Rodzaj umowy nie ma znaczenia dla stażu pracy
„Praca to praca, nieważne na jakiej umowie, kontrakcie lub innej formie jest wykonywana, dla kogoś czy na swój rachunek. Każda taka czynność powinna wliczać się do stażu pracy” – czytamy w jednej z opinii.
Zdaniem większości komentujących nowelizacja kodeksu pracy jest potrzebna, ponieważ osoby pracujące na działalności czy zleceniu przez wiele lat są w gorszej sytuacji – gdy decydują się na etat, muszą zaczynać od początku, jeśli chodzi o nabywanie praw pracowniczych.
„Najwyższy czas, by osoby, które lata całe pracowały np. na umowach zlecenia, miały możliwość wliczania tego czasu do stażu pracy. Na polskim rynku pracy patologicznie wręcz stosuje się ten typ umów zamiast umowy o pracę, dając pracownikowi pozorny wybór w postaci albo się zgadzasz, albo dziękujemy za współpracę. Nie dość, że nie mamy umowy o pracę, to jeszcze nie możemy tych lat przepracowanych na umowach cywilnoprawnych wliczać do stażu pracy. To nie jest w porządku. Czas z tym skończyć” – wynika z kolejnej opinii do projektu.
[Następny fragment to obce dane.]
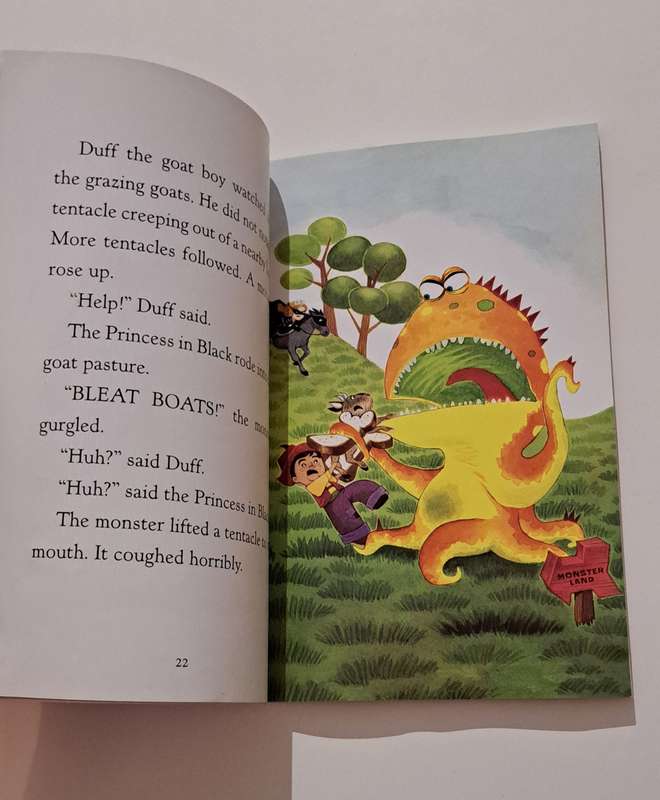 The Princess In Black & The Perfect Princess Party Shannon & Dean Hale adventure fiction children's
W podobnym tonie wypowiadają się inni. „Rzesza Polaków pracuje na umowę zlecenie, choć normalnie powinni mieć umowę o pracę. Chytrzy przedsiębiorcy i pracodawcy, którzy dążą do wyzysku Polaków, nie chcą podpisywać umów o pracę. Powoduje to sytuacje, że ludzie pracują nawet 10 lat na umowie zlecenie, a ich ciężka praca nie wlicza się do stażu pracy” – czytamy.
Najwięcej zastrzeżeń dotyczy nieuwzględnienia wszystkich form zatrudnienia. „Proponowana nowelizacja jest bardzo ważna. Niemniej jednak brakuje rozwiązania dla osób pracujących głównie na umowę o dzieło” – uważa następny komentujący.
Kodeks pracy do poprawki. 26 dni dla każdego?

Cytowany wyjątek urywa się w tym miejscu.